In this recession, are you holding on by your fingernails or are you trying to grow your market share and increase your competitive advantage? What’s the connection between competitive advantage and employee engagement?
Watson Wyatt’s 2008/2009 Work Report really dug into this, finding:
“When employees are highly engaged, their companies enjoy 26 per cent higher employee productivity, have lower turnover risk and are more likely to attract top talent. Their companies have also earned 13 per cent greater total returns to shareholders over the last five years.
“According to the survey findings, highly engaged employees are twice as likely as their less engaged peers to be top performers. They also miss 20 per cent fewer days of work and three-quarters of them exceed or far exceed expectations in their most recent performance review. Additionally, highly engaged workers tend to be more supportive of organizational change initiatives and resilient in the face of change.”
Three strong take-aways from the Watson Wyatt research are:
1) Communicate New Directions – The research reiterates our best practice recommendation to clearly communicate changed strategic objectives or company plans and “directly connect employees to the purpose of the organization.” We’ve found the best way to accomplish both is through a strategic recognition program that ties frequent and timely employee recognition directly to strategic objectives and company values. In this way you not only communicate strategic objectives to employees, but you show them how their specific actions help accomplish those objectives.
2) Recognize and Reward Equitably – “Employees who indicate their organization effectively delivers on the employment deal are 20 times as likely to be highly engaged and 50 per cent more likely to be top performers.” Your employees know you could not meet your goals without them and their efforts.
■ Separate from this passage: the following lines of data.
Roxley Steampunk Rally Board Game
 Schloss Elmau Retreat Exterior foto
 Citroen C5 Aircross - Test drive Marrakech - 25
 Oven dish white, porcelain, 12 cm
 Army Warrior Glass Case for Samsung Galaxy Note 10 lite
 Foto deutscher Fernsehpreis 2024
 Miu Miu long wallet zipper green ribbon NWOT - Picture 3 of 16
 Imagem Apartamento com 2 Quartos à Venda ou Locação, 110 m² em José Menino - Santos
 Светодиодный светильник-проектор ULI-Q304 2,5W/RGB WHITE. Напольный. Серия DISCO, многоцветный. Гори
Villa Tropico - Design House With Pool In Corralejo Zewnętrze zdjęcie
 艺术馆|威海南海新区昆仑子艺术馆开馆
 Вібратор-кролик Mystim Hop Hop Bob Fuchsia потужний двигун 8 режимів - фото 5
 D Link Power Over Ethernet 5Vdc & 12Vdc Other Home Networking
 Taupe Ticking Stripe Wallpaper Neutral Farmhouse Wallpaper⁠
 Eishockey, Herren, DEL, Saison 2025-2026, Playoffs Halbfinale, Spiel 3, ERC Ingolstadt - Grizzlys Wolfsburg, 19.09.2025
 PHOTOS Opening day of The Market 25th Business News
Acknowledge that simple fact. Tell them “thank you.” Reward them appropriately, even in lean times. As long as awards are equitable across recipients, reduced values will be accepted.
3) Include the Middle Tier – Another best practice is to offer all the opportunity to participate. Watson Wyatt calls this “investing in the core” (60% of the typical workforce). Why is this important? I can’t put it better than Watson Wyatt’s researchers: “Highly engaged employees are already working at or near their peak but are often limited by their less engaged co-workers. Focusing on engaging core contributors can improve both groups’ productivity.”
Have your strategic objectives changed due to the recession? How are you communicating those changes? Are you confident all employees “get it” and are working together as productively as possible to achieve them? What are you doing proactively to encourage that? Do you agree with Watson Wyatt’s findings?